*** Block opens ***
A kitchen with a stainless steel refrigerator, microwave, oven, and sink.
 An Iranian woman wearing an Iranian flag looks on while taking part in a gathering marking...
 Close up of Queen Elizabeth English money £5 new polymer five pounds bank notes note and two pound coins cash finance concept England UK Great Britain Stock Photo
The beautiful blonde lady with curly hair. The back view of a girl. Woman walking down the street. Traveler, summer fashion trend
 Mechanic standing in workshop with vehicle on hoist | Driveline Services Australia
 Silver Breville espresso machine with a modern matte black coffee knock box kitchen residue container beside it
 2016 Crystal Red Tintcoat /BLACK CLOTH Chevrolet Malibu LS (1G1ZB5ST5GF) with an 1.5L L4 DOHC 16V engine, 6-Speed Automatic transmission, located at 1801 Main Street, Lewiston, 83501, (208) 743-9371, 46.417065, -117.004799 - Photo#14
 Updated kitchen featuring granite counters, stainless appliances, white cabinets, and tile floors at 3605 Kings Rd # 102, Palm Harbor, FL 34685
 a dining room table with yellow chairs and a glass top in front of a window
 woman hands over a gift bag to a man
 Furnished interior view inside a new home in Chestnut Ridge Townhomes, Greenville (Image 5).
*** Block closes ***
## What this task involves
From the material above, retype precisely the lines between the line holding "2016 Crystal Red" and the line holding "a dining room", inclusive, and nothing beyond them.

## Response for this exercise
 2016 Crystal Red Tintcoat /BLACK CLOTH Chevrolet Malibu LS (1G1ZB5ST5GF) with an 1.5L L4 DOHC 16V engine, 6-Speed Automatic transmission, located at 1801 Main Street, Lewiston, 83501, (208) 743-9371, 46.417065, -117.004799 - Photo#14
 Updated kitchen featuring granite counters, stainless appliances, white cabinets, and tile floors at 3605 Kings Rd # 102, Palm Harbor, FL 34685
 a dining room table with yellow chairs and a glass top in front of a window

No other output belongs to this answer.